Somewhere in the fabric of space and time, there exists a fantastical place called Tomorrowland. It exists in a dimension unknown by nearly everyone on Earth except for the very few invited to visit. Recruiters from this strange, magical land have sent curious invitations — in the shape of a small coin — to Earth’s most creative inventors and dreamers. The idea is to give such people a platform to create, free from the distractions and restraints they would normally encounter in everyday life on Earth. At least that’s how it was supposed to work out. All is not as it seems.
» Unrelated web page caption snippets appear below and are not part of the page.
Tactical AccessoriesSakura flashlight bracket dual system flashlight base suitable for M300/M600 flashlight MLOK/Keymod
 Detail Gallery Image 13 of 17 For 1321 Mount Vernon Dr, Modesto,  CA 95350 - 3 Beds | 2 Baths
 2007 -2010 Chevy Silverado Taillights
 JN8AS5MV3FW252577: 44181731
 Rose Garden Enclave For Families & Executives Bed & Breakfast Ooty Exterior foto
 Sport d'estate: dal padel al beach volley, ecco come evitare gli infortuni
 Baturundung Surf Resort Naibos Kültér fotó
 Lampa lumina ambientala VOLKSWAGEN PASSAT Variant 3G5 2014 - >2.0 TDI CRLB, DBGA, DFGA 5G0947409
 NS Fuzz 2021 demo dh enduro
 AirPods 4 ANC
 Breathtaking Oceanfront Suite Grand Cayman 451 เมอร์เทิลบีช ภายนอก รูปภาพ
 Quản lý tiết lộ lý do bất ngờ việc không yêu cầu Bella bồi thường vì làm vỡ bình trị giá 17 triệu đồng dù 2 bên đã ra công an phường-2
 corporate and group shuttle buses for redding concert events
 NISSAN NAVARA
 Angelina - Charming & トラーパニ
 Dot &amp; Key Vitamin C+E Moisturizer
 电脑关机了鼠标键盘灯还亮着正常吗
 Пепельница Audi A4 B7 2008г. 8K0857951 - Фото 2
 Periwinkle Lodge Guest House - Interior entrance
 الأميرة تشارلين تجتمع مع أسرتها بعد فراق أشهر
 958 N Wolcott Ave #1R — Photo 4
The film’s opening sequence presents us with a fairly intriguing concept. Unfortunately, it’s a concept that never gets any backing from the script, the actors or the effects. Everything feels forced and contrived. The entire first half of the film comes off like a cheap commercial pimping Disney theme parks. The only thing missing is Mickey Mouse.
The plot is nearly impenetrable, especially for younger viewers. This shouldn’t come as a surprise because it was cowritten by Damon Lindelof. He is better known in some circles as the guy who ruined the once revered and then reviled TV series Lost. It doesn’t help that viewers are purposely kept in the dark about key plot elements until well into the second half of the film. Standing in for answers is a cryptic, highly unsatisfying narration from an early invitee named Frank Walker (George Clooney). He introduces us to the story along with a fellow compatriot kept annoyingly off screen for no apparent reason.
The first true hints of the deeper underlying story come as a harbinger of the film’s other annoying trait — a completely unhinged level of sermonizing that would embarrass the most ardent Greenpeace supporter. All of it is surrounded by muted, fuzzy, uninspiring visuals that would have better suited a venue called Yesterdayland. The high mark of the film belongs to the film’s youngest star, Raffey Cassidy, in the critical role of Athena. It’s a brilliant performance well beyond her years and her peers.
Once it was over, I couldn’t help but compare the experience to potpourri. It initially creates a nice enough aura, but upon closer inspection, you realize that it’s just a bunch of random unappealing chunks tossed haplessly into a bowl just above the toilet.